Se i nuovi arrivati mostrano segni di stanchezza vuol dire che qualcosa non va. Di solito, infatti, i neofiti non si lasciano sfuggire occasioni per dimostrare il loro zelo, mentre la mancanza di fervore e l’agnosticismo sopravvengono nei momenti successivi, quando si perde il gusto della novità.
Comunque interpretati: snobismo di vecchi democratici incuranti dei possibili cambiamenti nella scena politica, o sintomo di precoce stanchezza o di generale disincanto, i segnali lanciati dai popoli dei 25 Paesi vanno accolti come un severo avvertimento per quanti hanno nelle mani l’impasto dell’Unione Europea, che è ben lungi dall’aver assunto la consistenza di un organismo capace di misurarsi coi maggiori attori della politica internazionale. Diverso è il fenomeno dell’eurofobia, che più che rifugiarsi nell’astensionismo, si è fatta sentire attraverso il voto compatto nelle liste indipendentiste, come la UKIP in Gran Bretagna, l’Junilistan in Svezia, il partito civico democratico nella Repubblica Ceca e così via.
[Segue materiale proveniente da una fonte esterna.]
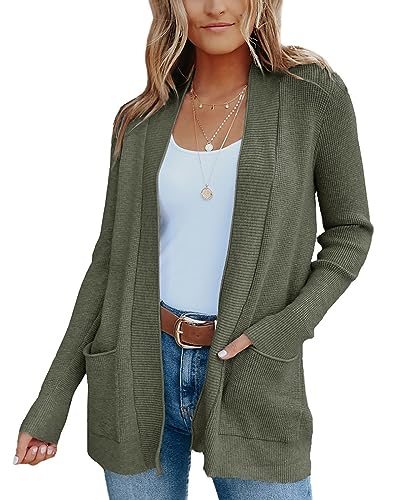 Fessceruna Damen Langarm Strickjacke Vorne Offen Cardigans Leicht Gestrickt Jacke mit Taschen,Olivgrün,XL von Fessceruna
La verità è che, nonostante la sua età matura, che ha superato i 50, l’Europa dell’Unione si attarda ancora in una sorta di dilettantesco infantilismo, a cominciare dai tre Grandi del presuntuoso direttorio Blair-Schirac-Schroeder i quali hanno ricevuto dai rispettivi elettori una meritata bocciatura, per passare ai troppi “mister” che si aggirano tra i meandri della politica continentale e mondiale come pirandelliani personaggi in cerca d’autore. Non si fa la politica estera e della sicurezza con un mister Pesc, né si costruisce la difesa europea con un esercitino “Petersberg” di 50 o 60 mila uomini, né si vince la sfida del rilancio economico con il comitato di Lisbona guidato da Win Kok, né la minaccia del terrorismo con la creazione di un sotto-mister, l’olandese Gijs De Vries, che risponde al superiore mister Solana.
Se non lo hanno fatto per colpevole e imperdonabile distrazione, disertando massicciamente le urne, i popoli europei hanno voluto lanciare un grido d’allarme perché i problemi siano affrontati con la serietà che meritano, a cominciare dall’economia: 0,4% di crescita di fronte al 3,5% degli USA, al 9,7 % della Cina e all’8,4 dell’India, con il 9% disoccupati nei 15 Paesi e il 14% nei 10, con i problemi dell’immigrazione e del controllo delle frontiere, con quello gravissimo dell’invecchiamento della popolazione che sbilancia in maniera drammatica il settore pensionistico, per finire con l’identità europea, pluralista e meticcia fin che si voglia, persino ambigua e indefinibile, ma tuttavia bisognosa di una sua distinta fisionomia, senza della quale non si ha nemmeno il  diritto di stare al mondo.